16. May 2026 Veröffentlicht | Aus dem Spanischen übersetzt

Die ehemalige technische Direktorin von OpenAI, Mira Murati, ist mit ihrem neuen Unternehmen Thinking Machines auf die Bühne zurückgekehrt. Am Montag stellten sie ein Konzept namens Interaktionsmodelle vor, das es Nutzern ermöglicht, in Echtzeit mit KI zusammenzuarbeiten, indem es Audio, Video und Text kontinuierlich verarbeitet. Der entscheidende Unterschied ist, dass diese Systeme wie ein Mensch reagieren, ohne darauf zu warten, dass du mit dem Sprechen oder Schreiben fertig bist.

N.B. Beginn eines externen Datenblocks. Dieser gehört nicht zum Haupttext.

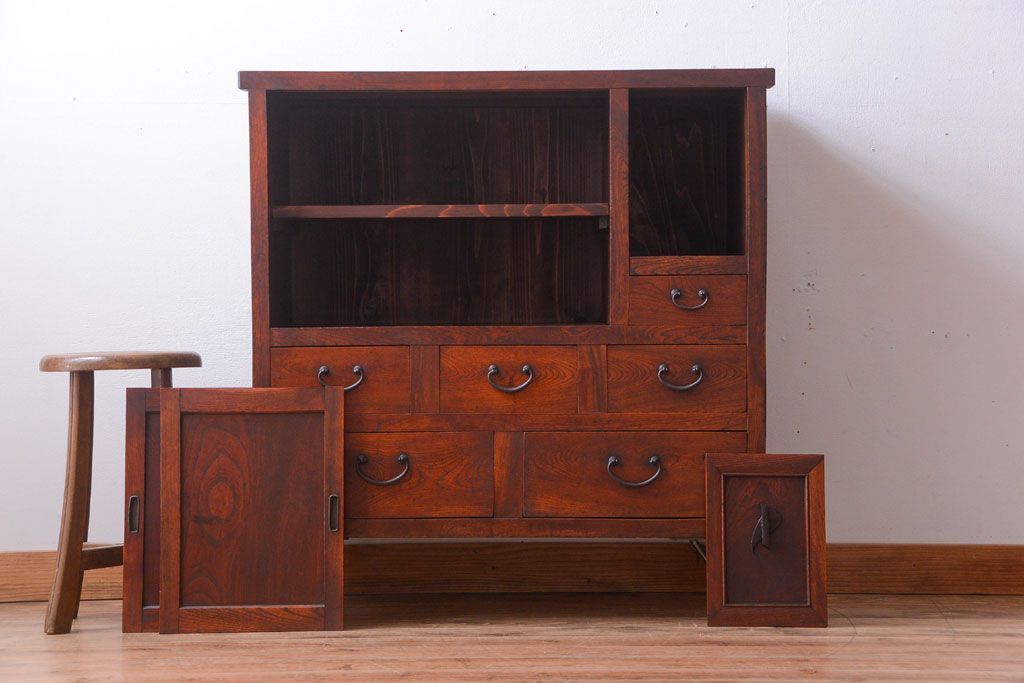 アンティーク家具　アンティーク　前面欅材の鉄脚キャビネット(収納棚)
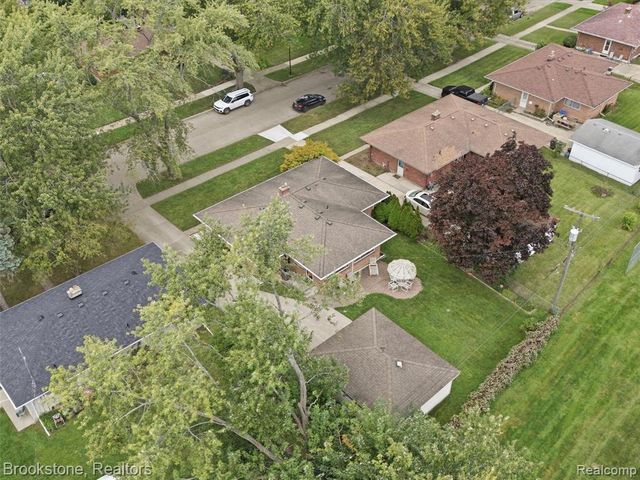 36222 Woodingham Street, Clinton Township, MI 48035
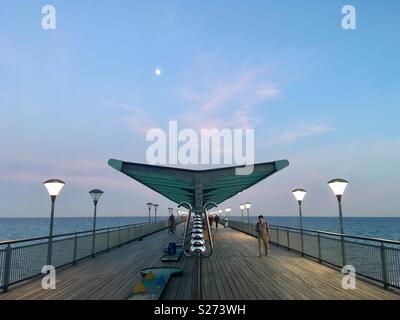 Boscombe Pier at night Banque D'Images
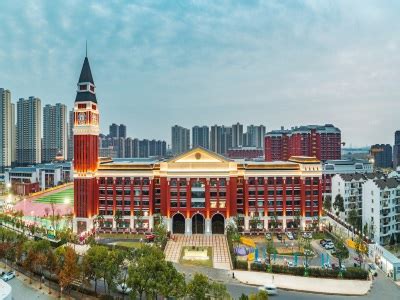 武汉经开外国语学校高中国际部校园风采-远播国际教育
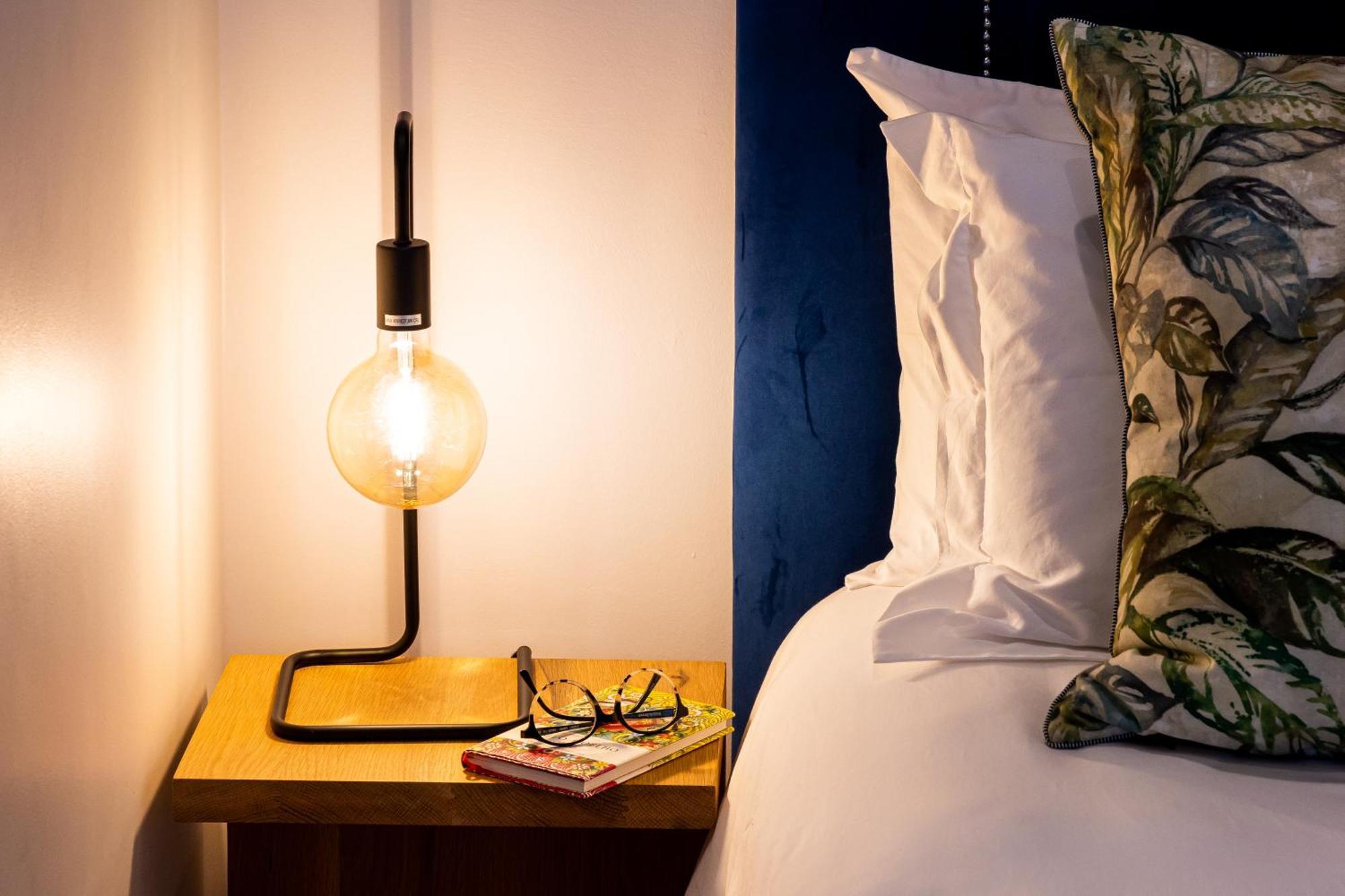 Luxury Apartments - Rozenhof Villa สเตลเลนบอช ภายนอก รูปภาพ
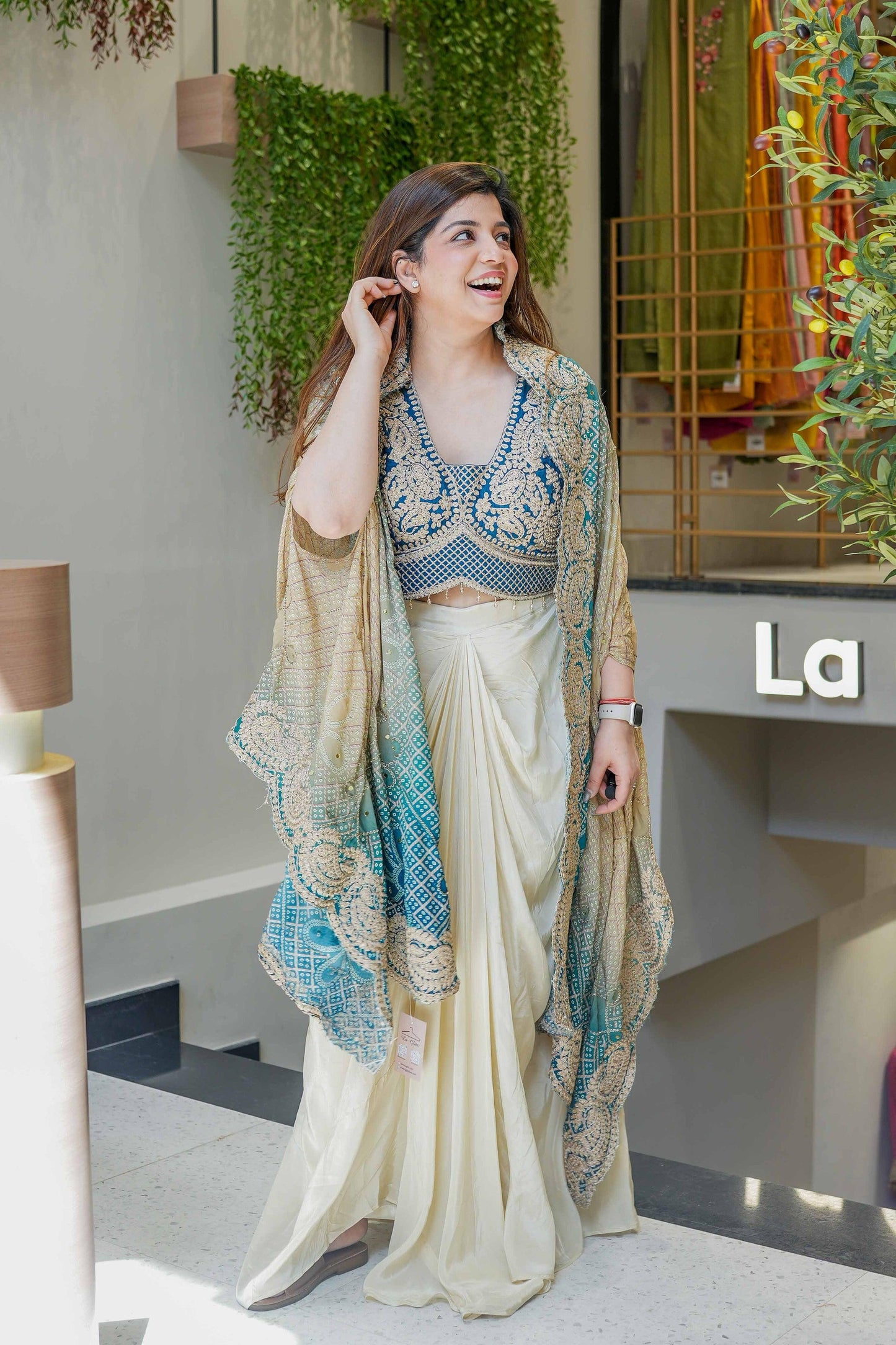 Jashn-E-Husn Cape Set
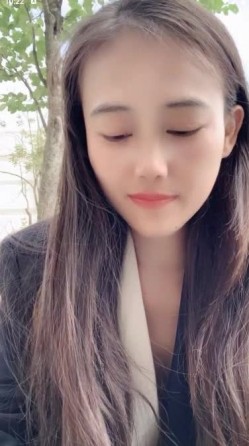 御姐女神！【宝宝】极品大长腿~丝袜裸空跳蛋~户外泄尿！ 截图3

Mira Murati von Thinking Machines präsentiert Interaktionsmodelle, die Audio, Video und Text in Echtzeit verarbeiten und unterbrechungsfrei mit KI zusammenarbeiten.

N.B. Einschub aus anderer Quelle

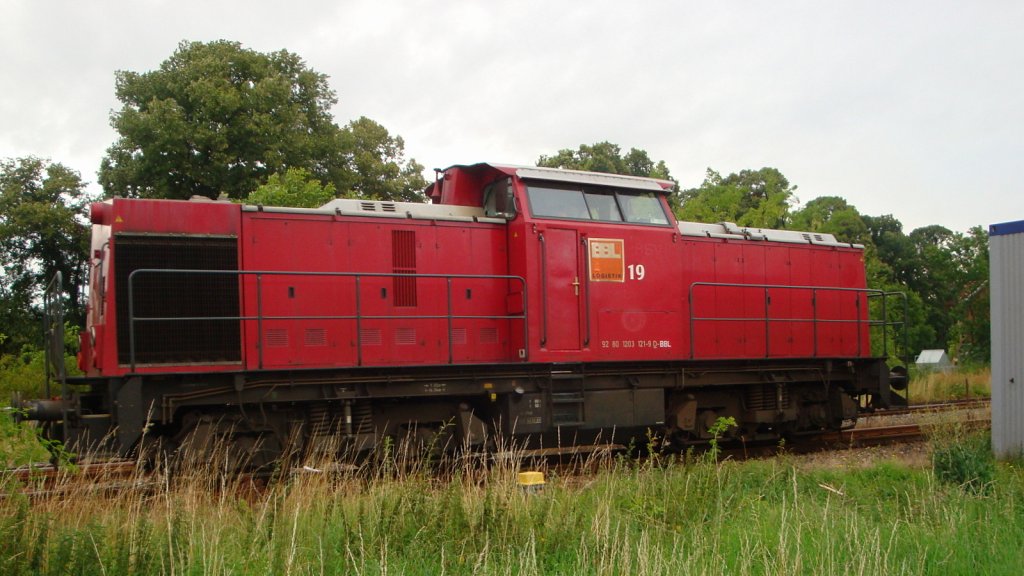 BBL 8 (92 80 1203 121-9 D-BBL, ex KUBE CON rail 19) als Tfzf zur Gleisbaustelle der DGT bei Wangen, im Bf Laucha; 22.07.2011 (Foto: G�nther G�bel)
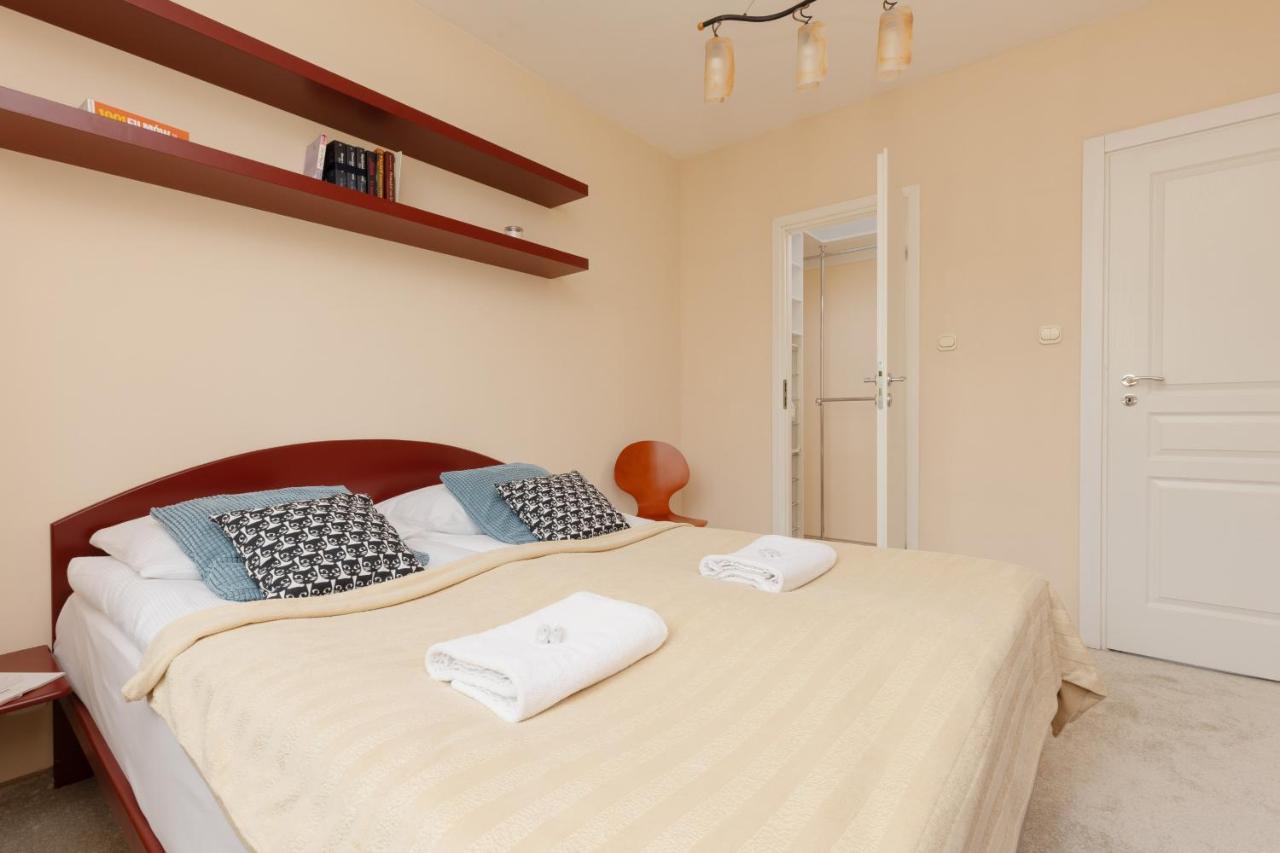 Spacious & Quiet 1 Bedroom Apartment In Pruszkow By Noclegi Renters Exterior photo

Wie der neue Ansatz der kontinuierlichen Interaktion funktioniert 🤖

Die Interaktionsmodelle beseitigen den Engpass aktueller Systeme, die Eingaben diskret verarbeiten und den Live-Kontext verlieren. Thinking Machines nutzt Architekturen mit kontinuierlicher Aufmerksamkeit, die gleichzeitige multimodale Ströme integrieren. Dies ermöglicht es der KI, auf Tonfalländerungen, Gesten oder Unterbrechungen zu reagieren und ihre Antwort spontan anzupassen. Die Technologie basiert auf modifizierten Transformatoren, die einen persistenten Kontextzustand ohne Neustarts aufrechterhalten.

Jetzt unterbricht dich die KI auch, wenn du sprichst 🗣️

Endlich eine KI, die nicht darauf wartet, dass du deinen Satz beendest, um dir eine Standardantwort zu geben. Jetzt kannst du hitzige Diskussionen mit deinem Assistenten führen, der dich mitten im Satz unterbricht, um dir zu sagen, dass du falsch liegst. Allerdings musst du den Kontext nicht jedes Mal wiederholen, wenn du Luft holst. Der Traum, mit einer Maschine zu diskutieren, als wäre sie dein Schwager, ist jetzt Realität.